Pink The Truth About Love
Since approximately the turn of the millennium, Pink has been the most emotionally honest pop singer to approach Top 40 radio on its own terms. (As opposed to Adele, who made Top 40 radio approach her on her terms.) Think about her competition: Even when she’s allegedly opening up, does anybody think that “If I Were A Boy” or “Irreplaceable” actually reveal anything about Beyoncé? But when Pink sings “Don’t Let Me Get Me,” “Sober,” or even something as raucously anthemic as “So What,” it’s hard not to walk away with the feeling that she’s giving her audience, well, her.
On The Truth About Love, Pink does the unthinkable: She starts to recede. Deliberately or otherwise, she seems to shapeshift from track to track in order to ape the sound and style of any number of her contemporaries. “Walk Of Shame” covers the same frivolous, wink-y ground as Katy Perry’s “Last Friday Night (T.G.I.F.)” in both sound and subject, while the guitar-heavy “Slut Like You” runs a Blur hook through a Lady Gaga filter. (The tipsy spoken-word bridge is all Pink, though.) “How Come You’re Not Here?” and “Just Give Me A Reason” suggest that Pink’s been listening to the Black Keys and Brandi Carlile, respectively, and a handful of other songs sound as though they were produced in a panic the day after Kelly Clarkson’s Stronger came out.
But Pink has never really had a signature sound. What she has is an attitude, a disarming candor that’s all the more bracing because it’s delivered with a middle finger. If The Truth About Love finds her more content than on Funhouse (which fed off of conflicting, confusing, and not altogether flattering feelings about the mess of her personal life), she’s still ambivalent about her contentment. While its title metaphor goes largely unexplored (also a problem with the sweet, string-laden acoustic ballad “Beam Me Up”), “Where Did The Beat Go?” is dark-tinged and tense, exploring what happens when a relationship starts to crumble but isn’t yet demolished. She also may or may not be admitting to having slept with another man.

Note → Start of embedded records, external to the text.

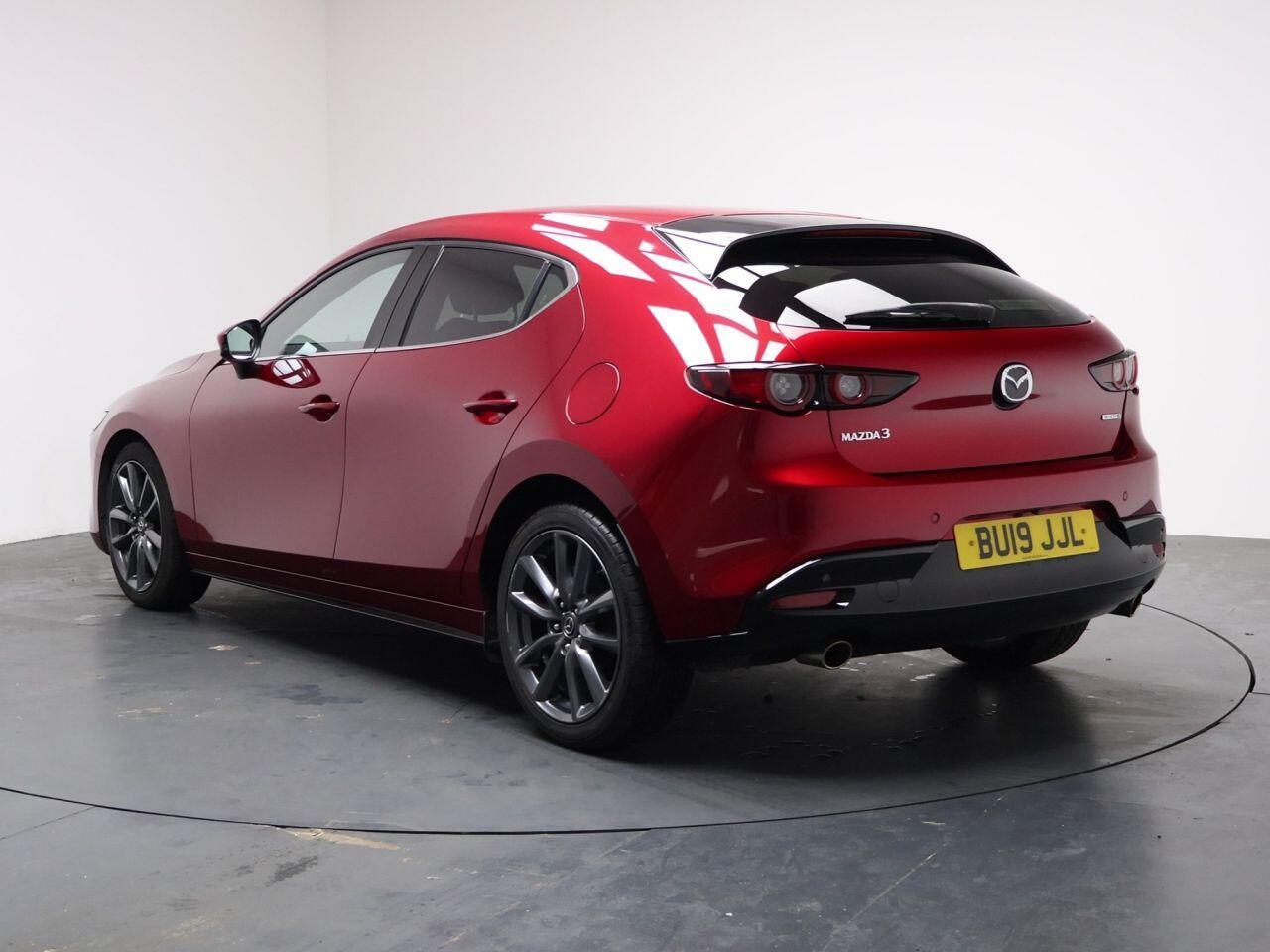 Mazda MAZDA3 - Image 10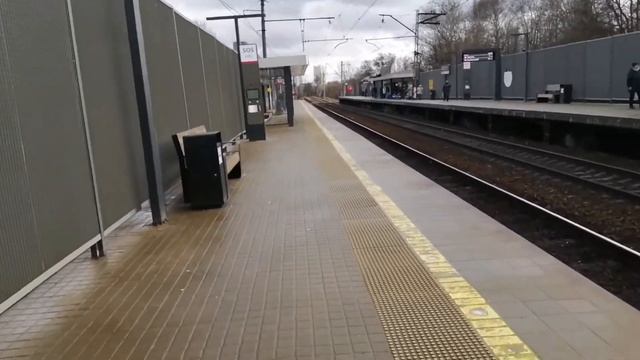 МЦД 2 пл. Красногорская смотреть онлайн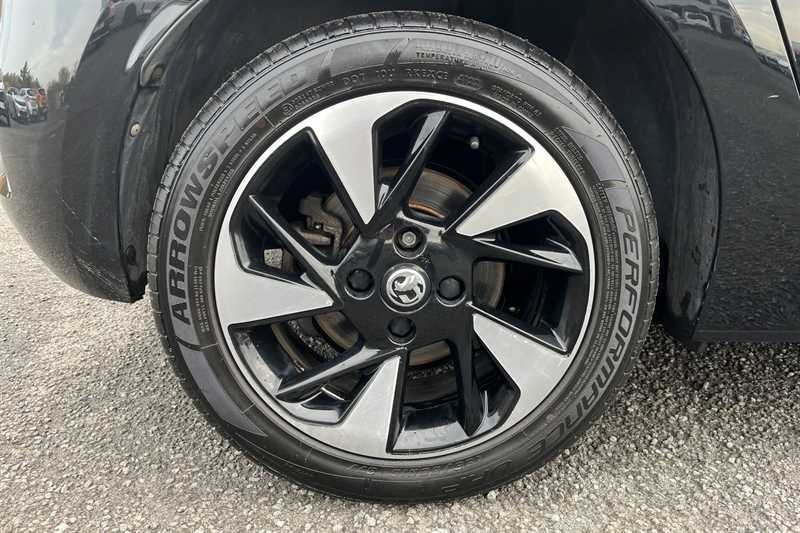 Used Vauxhall Corsa 2020 for sale - 76516520: Photo 10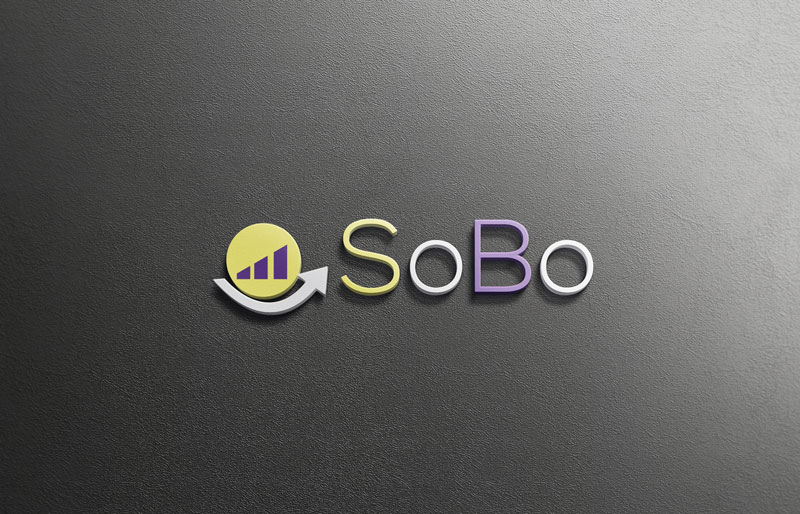 Logo Design by Jon cristian for SOBO | Design #13184950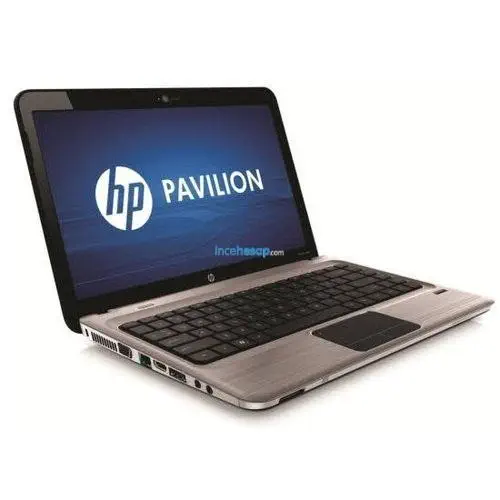 HP PAVILLION DV3-4100ST NOTEBOOK (XD841EA)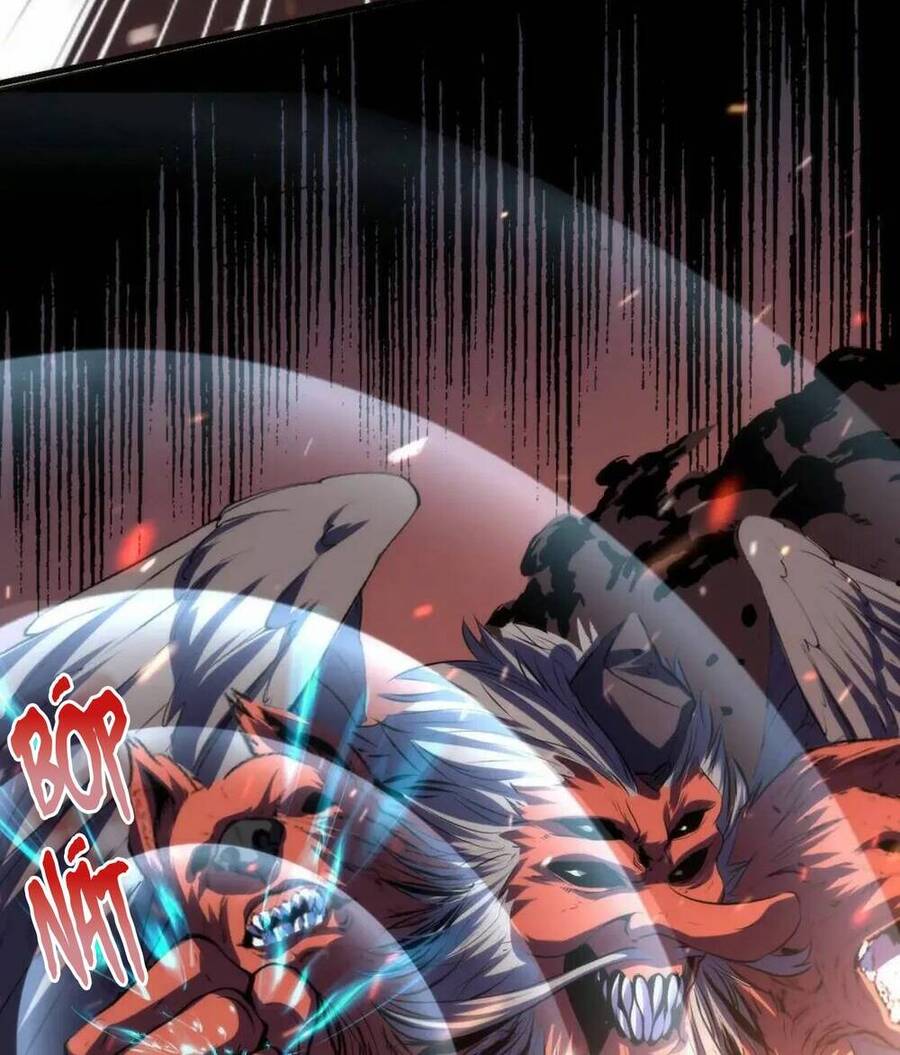 Trở Thành Thần Chủ Cthulhu Chapter 124 - Trang 2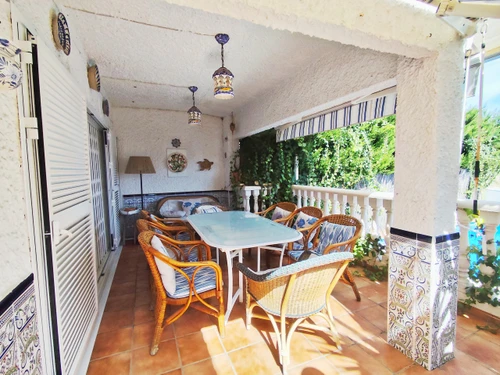 Maison Cape Palos, 4 pièces, 6 personnes - photo_1011847703861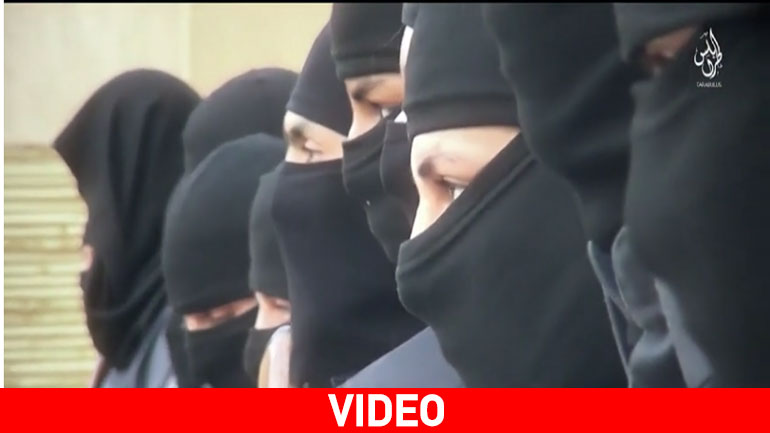 Λιβύη: «Ισλαμιστική αστυνομία» περιπολεί τους δρόμους της Σύρτης…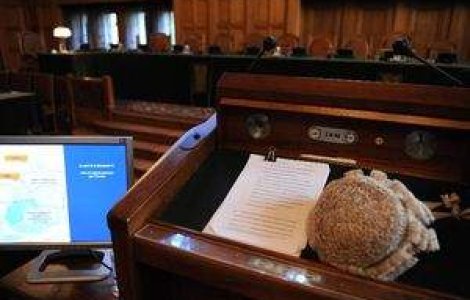 Romania, vicecampioana la coruptie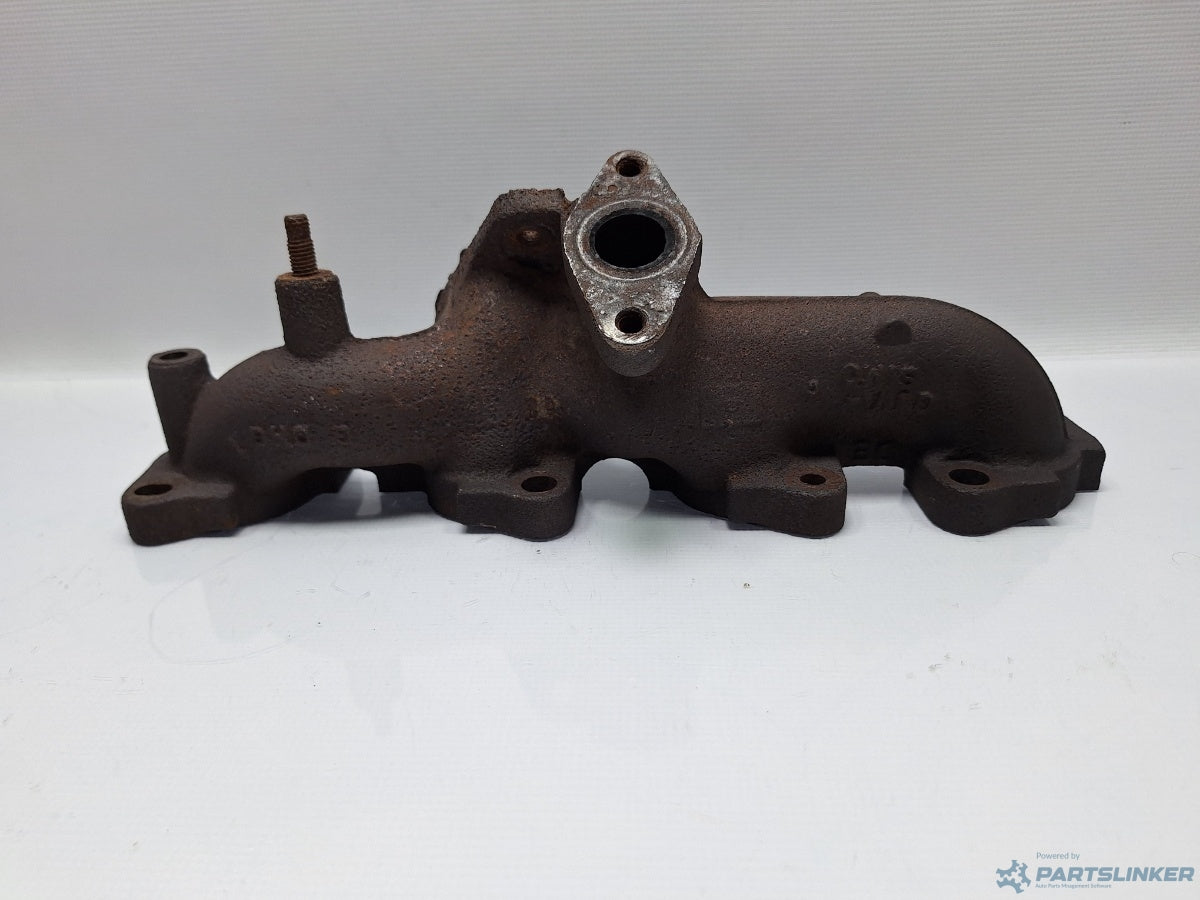 Galerie evacuare AUDI A6/S6 III Saloon (4F2, C6) [ 2004 - 2011 ] TDI (CAHA) 125KW|170HP 03L253033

It doesn’t matter whether that’s a real-life confession; Pink sells it as though it is. She’s even better on a pair of songs—the Lily Rose Cooper-assisted “True Love” and the title track—that blow the lid off the mess that is romance. She sings the latter with a weary, semi-cynical resignation that exploits the inevitability implicit in the mechanically glossed-up blues progression. But the secret lying just underneath the surface the entire time is that no matter how much the picture she paints of love sucks, she still chooses it wholeheartedly.